— Your task —
All lines at and after the one containing "bihar news sanjeev", up to the end of the listing below, are to be printed exactly, with the pictures omitted.

— The data —

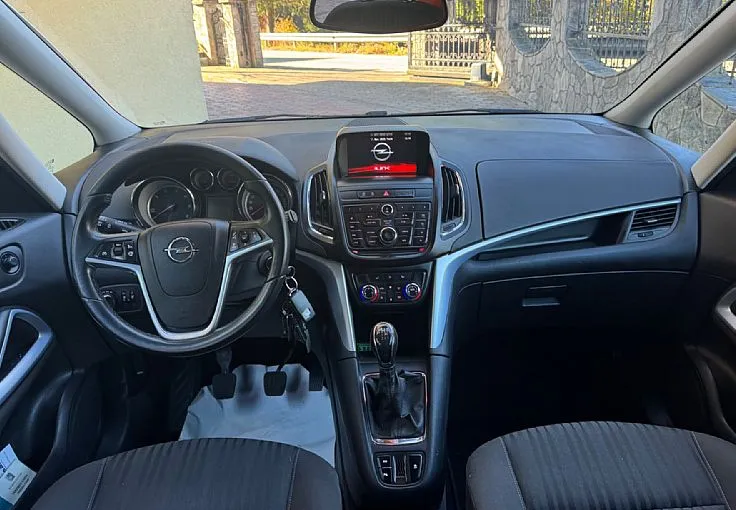 Zunanja slika - Opel Zafira - Tourer 1.6 CDTi 100KW S S EDITION LED NAVI3D TEMP - 8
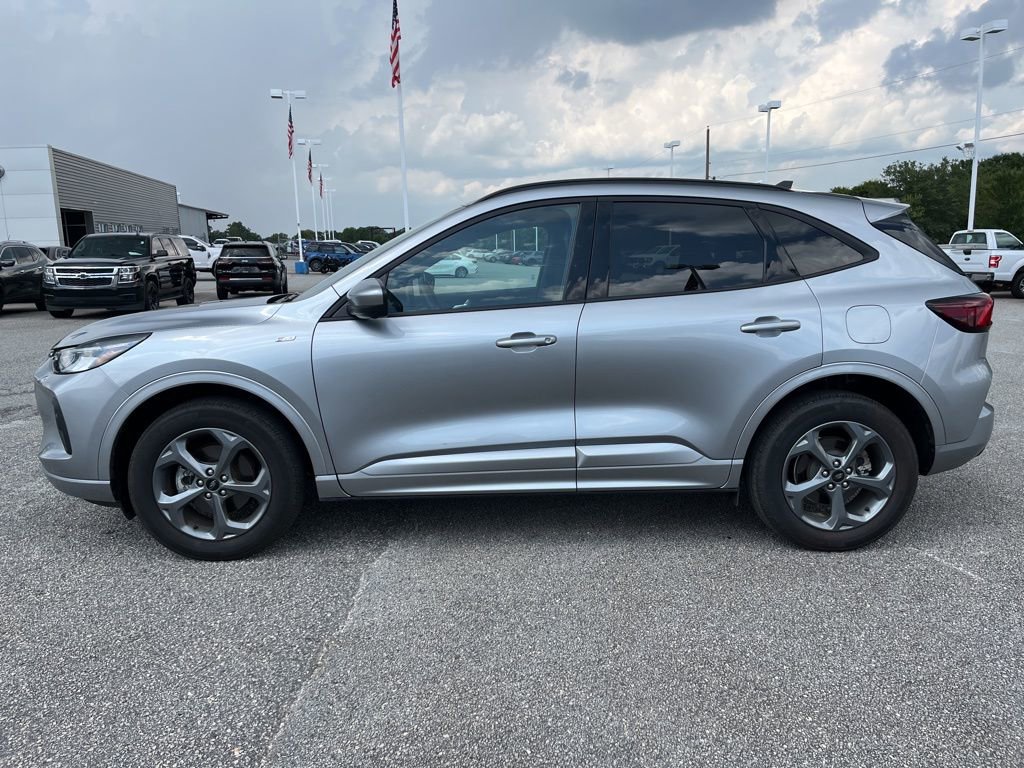 Used 2024 Ford Escape ST-Line Select w/ Tech Pack #2 image 8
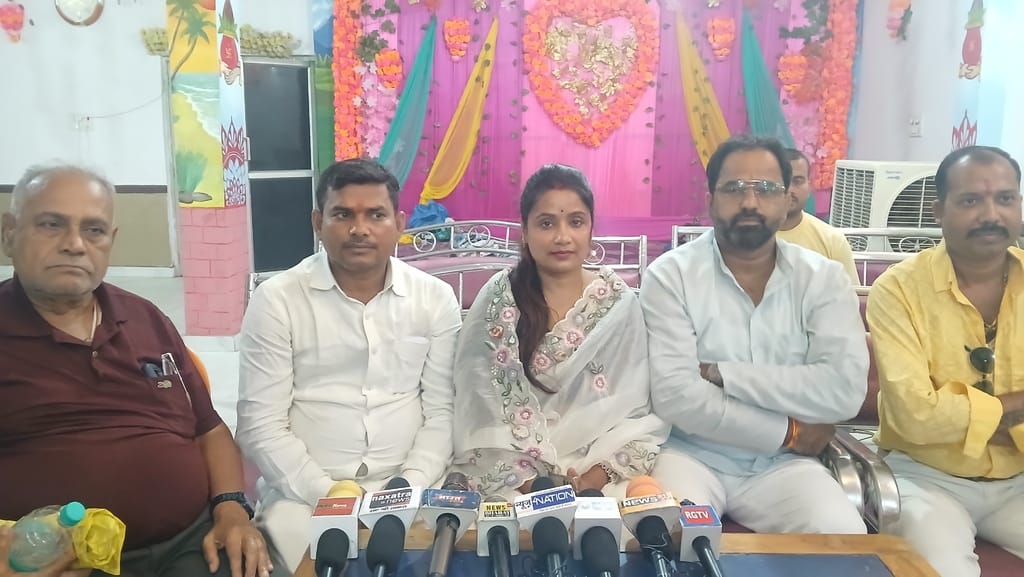 bihar news sanjeev singh sonia singh serious allegations jan suraj party ticket
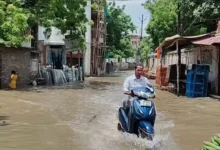वाराणसी में बारिश से जलजमाव और जाम, कांग्रेस अध्यक्ष अजय राय ने कसा तंज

— Expected output —
 bihar news sanjeev singh sonia singh serious allegations jan suraj party ticket
वाराणसी में बारिश से जलजमाव और जाम, कांग्रेस अध्यक्ष अजय राय ने कसा तंज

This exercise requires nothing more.